Irish singer (born 1954)

Geraldine Brannigan (sometimes listed as Geraldine Branagan; born 1954), known professionally as Géraldine, is an Irish singer, known for finishing in fifth place in the Eurovision Song Contest 1975 with the song "Toi" while representing Luxembourg.

==Career==
Together with her band, she was active in the Irish showband scene. As Geraldine & the Brannigans they competed in the Irish preliminary to the Eurovision Song Contest 1973. Entitled Fadó Fadó/"Long, Long Ago" they finished in fourth place.

In 1978, as Geraldine & Pickles, Brannigan represented Ireland with the song Say It With Music at the Yamaha Music Festival in Tokyo.

Brannigan performed her single "Casablanca" (co-written by Martin & Coulter) in an episode of the Benny Hill Show shown on ITV in March 1979. The follow-up track, "Back Street Band" was featured on an episode of Juke Box Jury hosted by Noel Edmonds, shown on BBC 1 on 16 June 1979. The panel of Pete Murray, Bob Geldof, Linda Lewis and Isla St Clair voted it a 'miss'. Both tracks failed to chart in the UK despite the television exposure.

An album was released in 1981 (as The GB Band) in which her future husband Phil Coulter as a composer had participated.

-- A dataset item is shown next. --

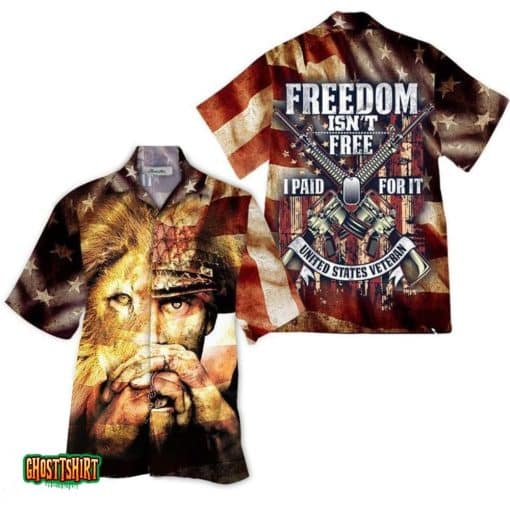 Freedom Isn’t Free Aloha Hawaiian Shirt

She also toured South Africa in 1982 with guitarist Tony Cox.

===Eurovision===
As a solo singer, Brannigan was commissioned in 1975 by the broadcaster RTL to compete for Luxembourg at the 1975 Eurovision Song Contest in Stockholm. "Toi" was co-written by Irish singer-songwriter Phil Coulter, Scottish producer Bill Martin and French songwriter Pierre Cour. Coulter conducted the orchestra for the song, which came fifth. All three writers had written previous Eurovision winning songs (Martin & Coulter in 1967 and Cour in 1960).

==Personal life==
In November 1998, Brannigan married her long-time partner Phil Coulter at Wicklow registry office, witnessed by their six children, Danielle, Dominique, Alexandra, Daragh, Ryan and Georgina, and 16 guests. Coulter had noticed Brannigan in a Guinness television advertisement in Dublin and felt that he had to meet her. He later said in an interview on Miriam Meets... on RTÉ Radio 1, that it was love at first sight.